Copy the records below exactly, starting at the line that contains "Kép 2/2 - Perfect" and ending at the line that contains "レクサス GX(250系)用 265/65R18"; leave out any pictures.

═════ EXTRACTED MATERIAL

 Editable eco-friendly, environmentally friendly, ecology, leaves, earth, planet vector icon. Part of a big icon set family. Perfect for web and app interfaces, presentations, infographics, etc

══════════
═════ EXTRACTED MATERIAL

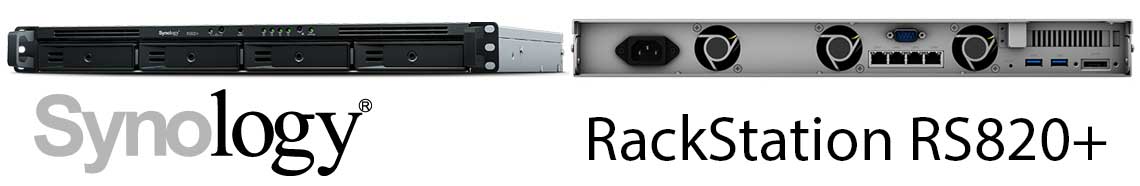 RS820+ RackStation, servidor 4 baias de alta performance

══════════
═════ EXTRACTED MATERIAL

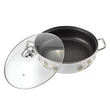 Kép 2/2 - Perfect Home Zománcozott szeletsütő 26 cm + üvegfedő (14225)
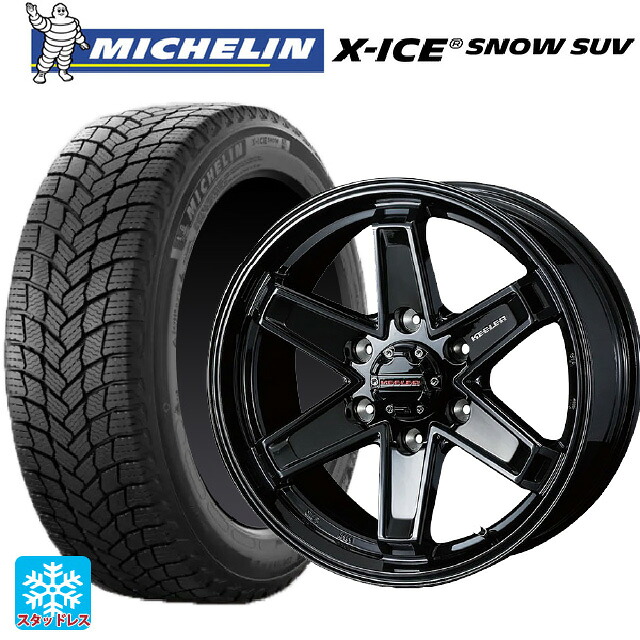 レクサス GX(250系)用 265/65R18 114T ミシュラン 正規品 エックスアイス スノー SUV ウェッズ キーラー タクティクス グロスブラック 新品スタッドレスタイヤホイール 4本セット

══════════

TASK SOLUTION:
 Kép 2/2 - Perfect Home Zománcozott szeletsütő 26 cm + üvegfedő (14225)
 レクサス GX(250系)用 265/65R18 114T ミシュラン 正規品 エックスアイス スノー SUV ウェッズ キーラー タクティクス グロスブラック 新品スタッドレスタイヤホイール 4本セット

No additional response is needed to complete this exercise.